Tessa Thompson in “Passing” - Credit: Netflix
Tessa Thompson in “Passing” - Credit: Netflix

Netflix

Childhood friends who haven’t seen each other in nearly a decade, Irene is shocked to realize that the white woman staring her down isn’t white at all; it’s Clare who’s bi-racial, just like Irene. While different audiences will bring different levels of understanding to “Passing,” Hall doesn’t spoon-feed what transpires between the women, trusting that people will get it long before Clare explains away her current state during their extended visit. Clare has done something that shocks Irene or does it, really? to her core: She’s passing as white. She’s married a white man (Alexander Skarsgsard, uncomfortable as the racist and sexist John Bellew), bearing him a child who is even more light-skinned than Clare, and scarcely returning to the Harlem of her youth.

But seeing Irene lights something in Clare, and Negga’s effervescent performance cleverly masks the roiling confusion building inside of her. As happy as Clare says she is with her life, her instant obsession with Irene and her subsequent insertion into nearly every aspect of her life hints how desperate she is to share the terrible secret she’s kept for so long. Thompson is all bundled nerves, and while Negga initially steals the spotlight with her bigger, brasher performance, Thompson steadily builds to something searing. Hall made many good choices for her debut her entire crafts department turned in rich period production elements — but the casting of her leads might be the best of the bunch.

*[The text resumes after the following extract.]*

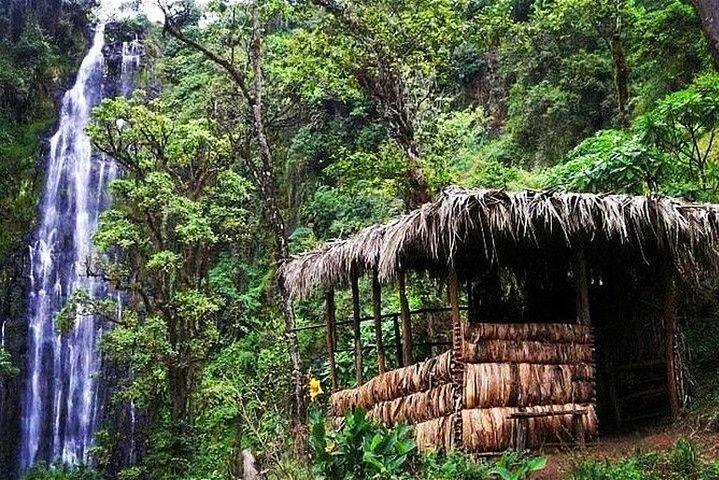 Materuni Waterfalls, Coffee and Village Full Day Tour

Understandably, Irene can’t shake the interaction, and when a letter arrives from Clare, stuffed with flowery language that makes Irene’s husband Brian (Andre Holland) titter, she’s unable to ignore the effect her old friend has had on her. Much like Larsen’s novel, Hall’s “Passing” simmers with a homoerotic subtext that eventually gives way to jealousy and ruin. Both Clare and Irene are bi-racial, and each has made a definitive choice as to which portion of their racial makeup defines them and the world they choose to live in is it possible something similar is happening with their sexual identities? Can we just choose who we are? And what happens to the pieces of us we try to reject?

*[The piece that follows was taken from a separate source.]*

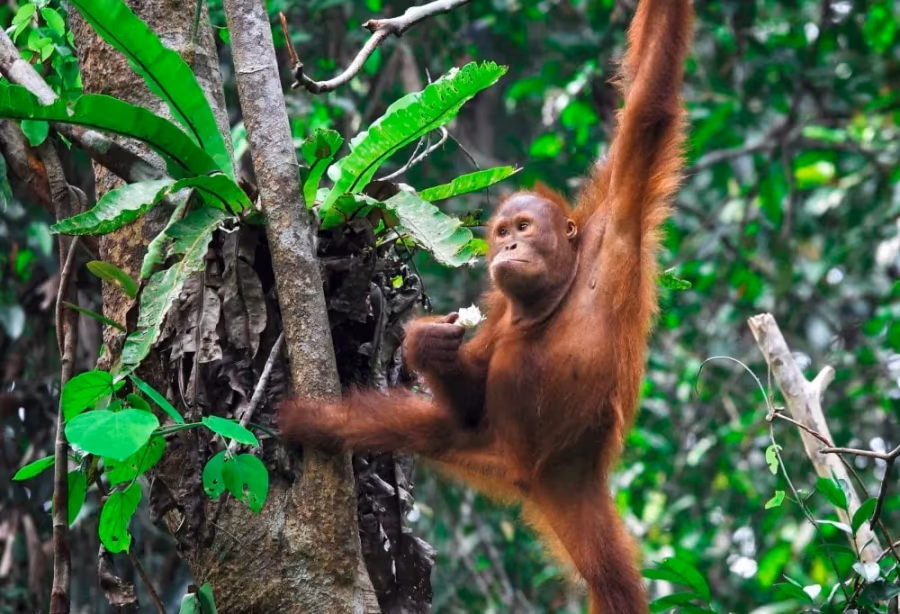 Grand Tour De Wildernis van Borneo – Maleisië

Not one to be rebuffed, Clare who Negga plays as irrepressible in every sense of the word shows up at the Redfields’ Harlem brownstone and essentially pleads to be let into their lives. Spending time in Harlem, even if most people think she’s white, frees Clare to enjoy the things she’s so long shut out of her life, even as the steady Irene reminds her of the danger in her possible exposure. Oh, but Clare is so hard to resist. Irene’s husband and sweet sons also fall, in varying ways, under Clare’s sway, and the weaving of Clare and Irene’s lives seems wholly, uneasily complete.

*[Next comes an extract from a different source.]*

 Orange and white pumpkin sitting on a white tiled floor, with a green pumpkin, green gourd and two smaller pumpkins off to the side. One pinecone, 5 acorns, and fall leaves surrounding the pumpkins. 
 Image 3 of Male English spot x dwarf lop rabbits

“Passing” asks who is allowed in certain spaces (and who is the gatekeeper of those spaces), and what happens when people are ejected from them, either by their own free will or an outside force. How do you get back inside? Can you, really? And what’s the price for such infractions? As Clare’s secret frays Irene’s nerves and her very sense of self, “Passing” and Hall reject pat answers. Larsen’s novel walked a similarly tough tonal line, amping the drama without giving a sense of relief. Even when a definitive conclusion comes, the tension and questions don’t stop. How can they? Larsen never set out to deliver answers; just rich, searching stories rounded in real experience — precisely what Hall has translated to the big screen for her formidable first outing.

Grade: A-

“Passing” premiered at the 2021 Sundance Film Festival in the U.S. Dramatic Competition section.